特開2021-197337,
出願人:日清紡ホールディングス株式会社,
【概要】
「金属極の過電圧を大幅に低減できる電池与えるマグネシウム電池用電解液を提供すること。」
が課題されている。
↑具体的な課題は,マグネシウム金属負極表面に不動態被膜が形成されること。
「本発明は、このような事情に鑑みてなされたものであり、金属極の過電圧を大幅に低減できる電池を与えるマグネシウム電池用電解液を提供することを目的とする。」
解決手段は,
「例えば、塩化マグネシウム等の(A)マグネシウムイオンおよびハロゲン化物イオンを含む塩である電解質、(B)テトラフルオロボラートアニオンを含む塩である添加剤、並びに(C)有機溶媒を含むことを特徴とするマグネシウム電池用電解液。」
とされている。
(A)電解質は,塩化マグネシウム(請求項4)
「 本発明で用いる電解質を構成するハロゲン化物イオンとしては、F-、Cl-、Br-、I-等が挙げられるが、Cl-が好ましい。 マグネシウムイオンおよびハロゲン化物イオンを含む塩としては、特に限定されるものではなく、例えば、フッ化マグネシウム(MgF2)、塩化マグネシウム(MgCl2)、臭化マグネシウム(MgBr2)、ヨウ化マグネシウム(MgI2)等が挙げられるが、これらの中でも、得られる電池の放電容量等の電池特性をより高めるという点から、塩化マグネシウム(MgCl2)が好ましい。
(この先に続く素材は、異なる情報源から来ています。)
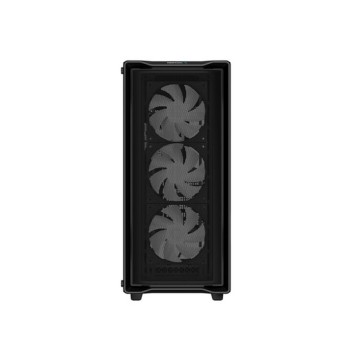 Ohišje Deepcool CC560 MESH V2 MidiATX - črna ARGB Ohišje Deepcool CC560 MESH V2 MidiATX - črna ARGB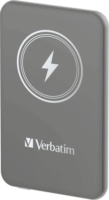 Verbatim MAG Charge 'n' Go Powerbank 5000mAh 20W (1,67 - 2.4A / 5-9V) - Szürke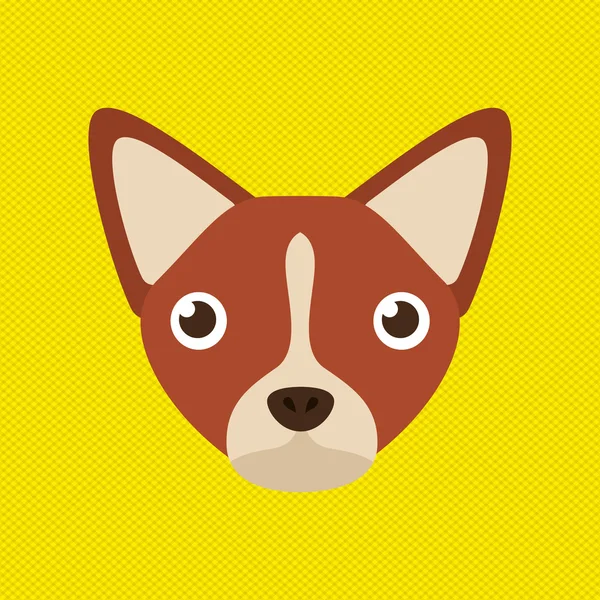 Cute mascot ontwerp — Stockvector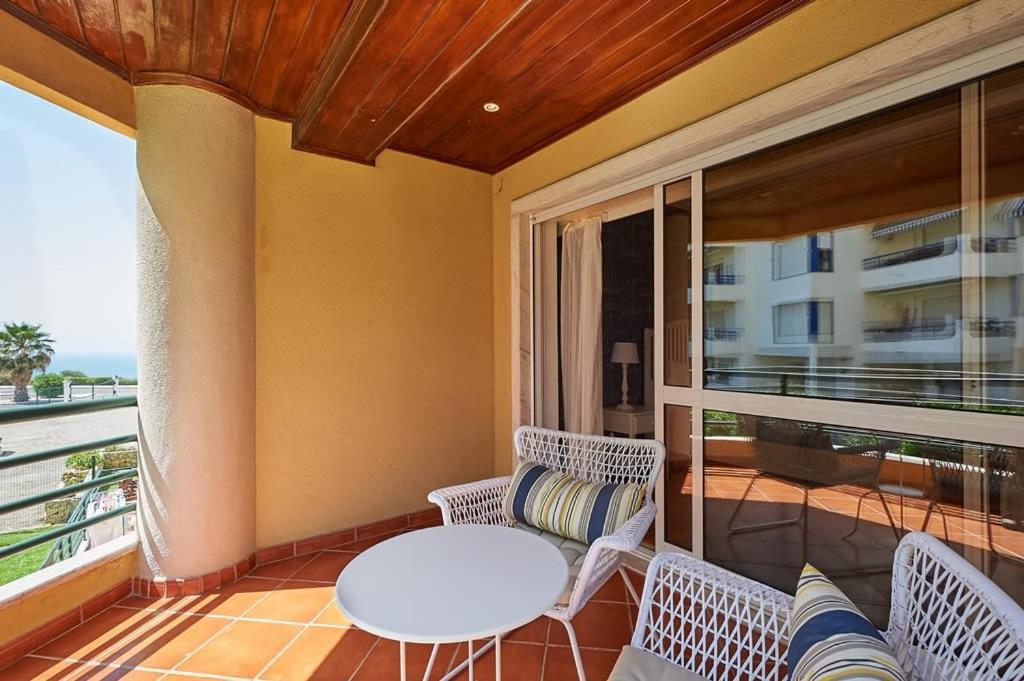 Oceanario 2 Bedroom Apartment - Sea View And Pool كاسكايس المظهر الخارجي الصورة
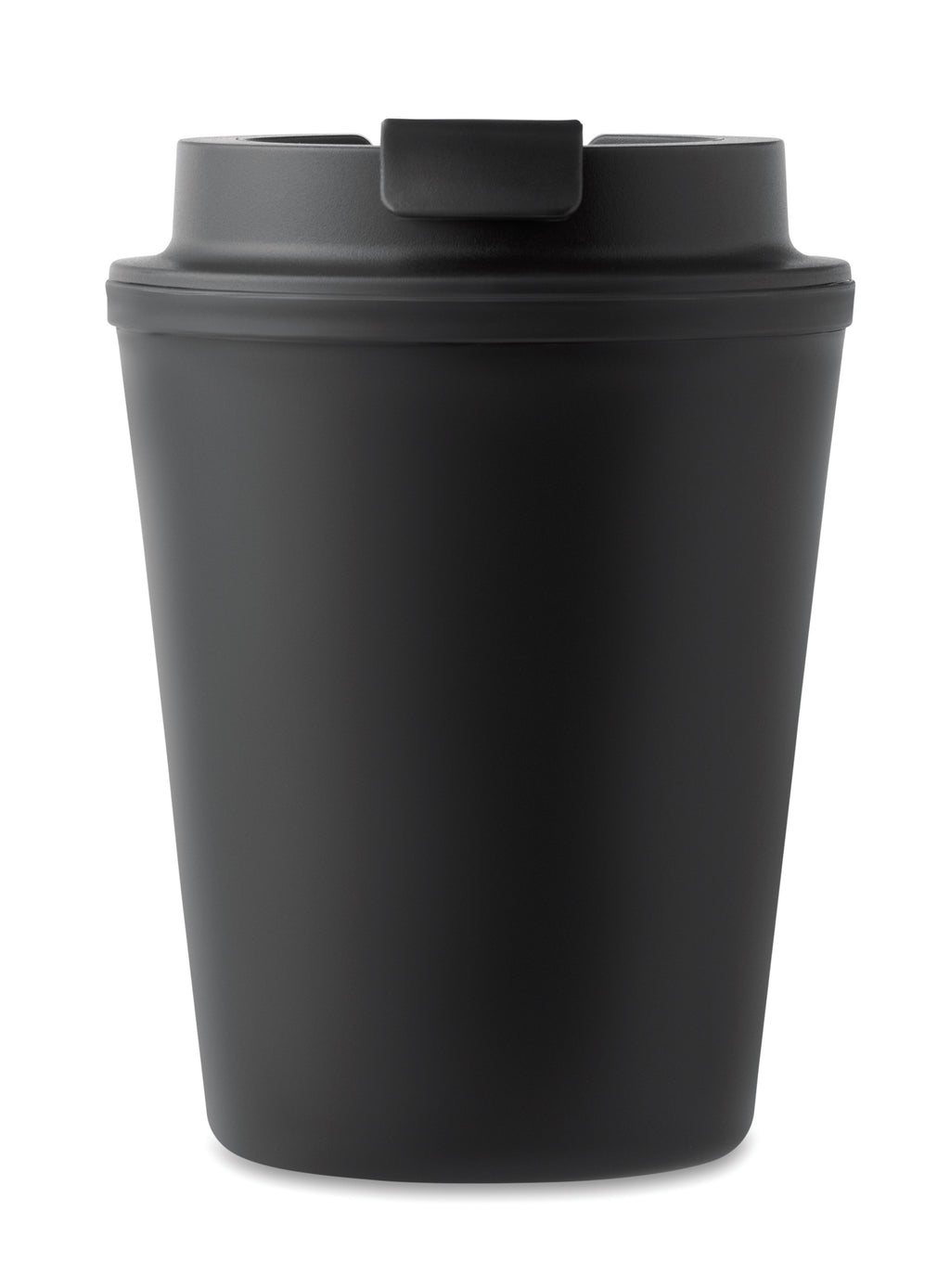 TRIDUS – PP tumbler 300 ml – item picture side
」
(B)添加剤は,テトラフルオロボラートアニオンを含む塩(請求項1),アンモニウム塩、ホスホニウム塩およびアルカリ金属塩から選ばれる少なくとも1種(請求項5)
「本発明で用いる添加剤は、BF4-を含む塩であれば特に制限はなく、イオン液体を含む従来公知の塩から適宜選択して用いることができるが、過電圧抑制効果をより高めるという点から、アンモニウム塩、ホスホニウム塩およびアルカリ金属塩から得られる1種または2種以上が好ましく、アンモニウム塩がより一層好ましく、アンモニウム塩型のイオン液体がさらに好ましい。」
(C)有機溶媒は,環状炭酸エステル類(請求項6),2種以上の環状炭酸エステル類を含む(請求項7)
請求項8では,電解液の対象となるマグネシウム電池が列挙されているが,
そこでの分類は,
「空気マグネシウム電池,
マグネシウムイオン電池,
またはマグネシウム二次電池」
とされている。
「 本発明の電解液が用いられるマグネシウム電池は、特に限定されるものではなく、(1)金属マグネシウムまたはマグネシウム合金を負極活物質として含む負極を用い、酸素ガスを正極活物質とする正極(空気極)を用い、マグネシウムと酸素の電気化学反応を利用する空気マグネシウム電池、(2)金属マグネシウムまたはマグネシウム合金を負極活物質として含む負極およびマグネシウムイオンを可逆的に吸蔵・放出する正極活物質を含む正極を用いるマグネシウム二次電池、(3)金属マグネシウムまたはマグネシウム合金を負極活物質として含む負極および層間化合物を含む正極を用い、マグネシウムイオンのインターカレーションを利用するマグネシウムイオン電池(一次電池)等が挙げられるが、これらに限定されるものではない」
↑ここでの,マグネシウム二次電池の定義は,狭義ではないだろうか。
不動態皮膜の問題に関しては,
「電解質としてハロゲン化物イオンを含むマグネシウム塩を用いているため、不動態被膜を除去することが可能となる結果、得られる電池の放電容量を増加させることもできる。」
と述べられている。
↑このように,マグネシウム電極の不動態皮膜の問題に対しては,他の文献でも,ハロゲンが用いられることが多く,これはマグネシウムとハロゲンとの間での化学反応を利用したものと考えられる。
各特許文献では,それぞれ,添加剤,溶媒,濃度等の工夫がみられる。